After banging on F. Scott Fitzgerald's "Tender is the Night" for a few days now, let me note for the record here that this novel actually gets quite a bit better - more moving, more thoughtful - in the 4th (?) section, The Escape, as Dick Diver joins with old pal Franz to set up a psychiatric clinic in Zurich. At last, for the first time in the novel, we see Diver do something useful in his life and actually justify the repeated assertions that he's a great and famous doctor - now we see him with patients, and we get a sense of what life was like in a Swiss sanatorium in 1925 or so - comparisons with The Magic Mountain are obvious and appropriate, and in the hospital in Tender is the Night we see much more hopelessness and despair, and we get a better sense of the frustrations of the doctors, working in the early years of psychoanalysis. This really should have been Fitzgerald's subject through the whole novel, in my view, and if he felt it was necessary to build all this up through the long sections of what he describes as the leisure class at the height of its wit - I would say at the depths, personally - I think he was wrong.

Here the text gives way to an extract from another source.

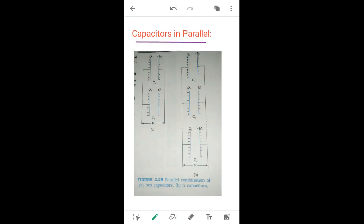Now let us go to the parallel combination. You can see in the diagram for parallel capacitors: the positive plate of C1 is connected to the positive plate of C2, and similarly, the negative plate is connected to the negative plate of C2. The potential difference is the same for both capacitors. If there are N number of capacitors, the positive plates are all joined together and the negative plates are all joined together, all connected to a single main battery.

What all of us remember of Tender is the Night is Nicole's mental illness and crack-up and how Diver does or does not help her - with the obvious poignant and painful autobiographical elements. This element of the story really doesn't take shape at all till the Escape section - Nicole's mental instability described in first section but then more or less ignored for 150 pages or so as we follow Dick and his flirtations and insecurities. In the Zurich section we see Nicole have a true almost homicidal/suicidal breakdown, and we begin to comprehend the gravity of the family situation. Interesting, the children begin to emerge as actual characters in this section as well. The novel is at last on track.